Records for processing ::
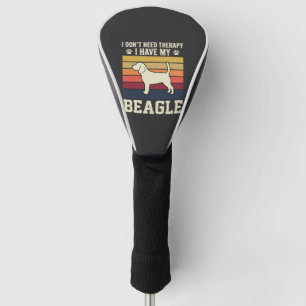 Vintage Beagle Dog Therapy Retro Golf Head Cover
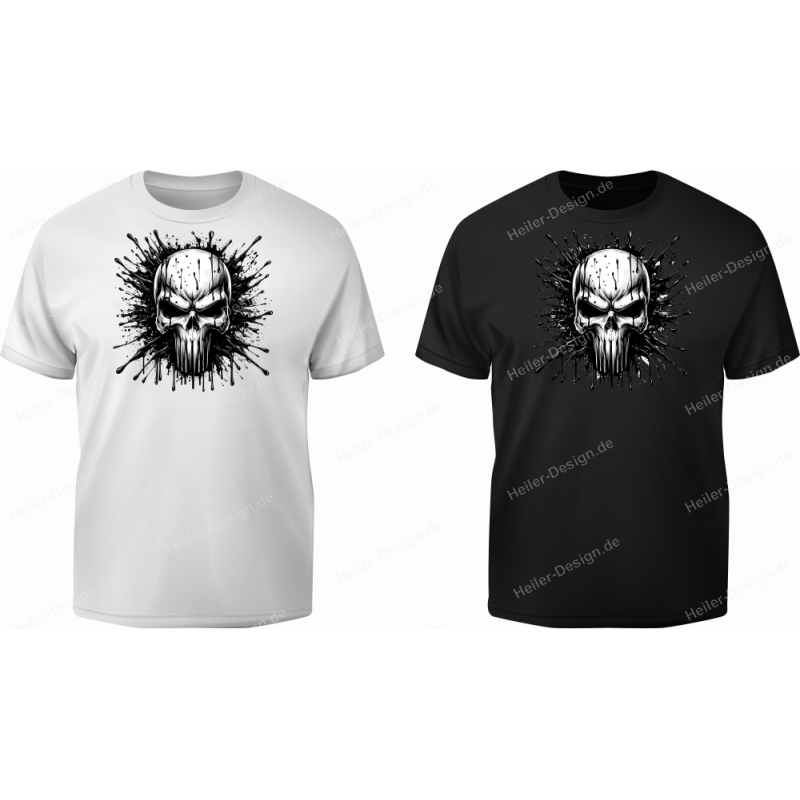 T-Shirt mit Aufdruck Totenkopf Punisher 23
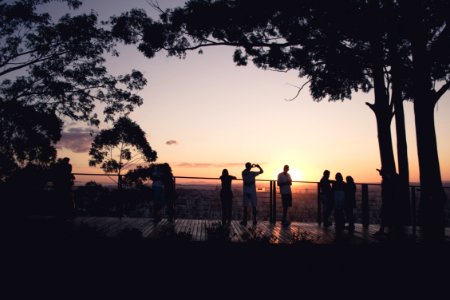 silhouette photography of people photo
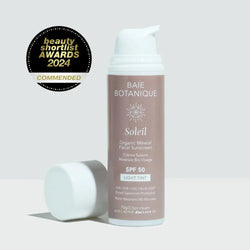 Baie Botanique Soleil Facial Sunscreen Sunscreen Baie Botanique USA | Organic and Vegan Skincare 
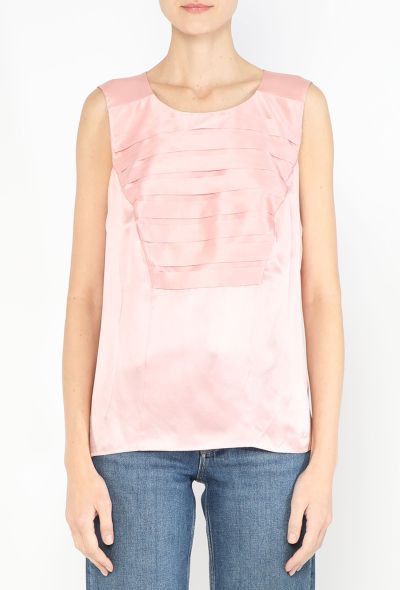 Chanel Ruffled Charmeuse Blouse - 1 Chanel Ruffled Charmeuse Blouse - 1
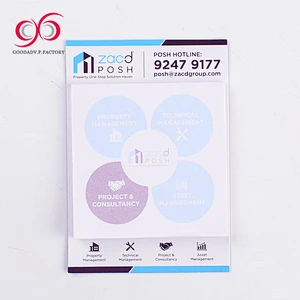 Promotional paper shopping list customized fridge magnet pad custom memo pads sticky note fridge magnet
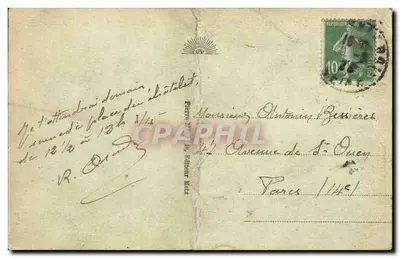 Metz — Quartier Général — wydawca Pierre Nollet, nr 54 — Rewers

What this task involves ::
Only one thing is required: an exact printout of the lines from the line containing "Chanel Ruffled Charmeuse Blouse - 1 Chanel" through the last line of the records, pictures excluded.

Task result ::
 Chanel Ruffled Charmeuse Blouse - 1 Chanel Ruffled Charmeuse Blouse - 1
 Promotional paper shopping list customized fridge magnet pad custom memo pads sticky note fridge magnet
 Metz — Quartier Général — wydawca Pierre Nollet, nr 54 — Rewers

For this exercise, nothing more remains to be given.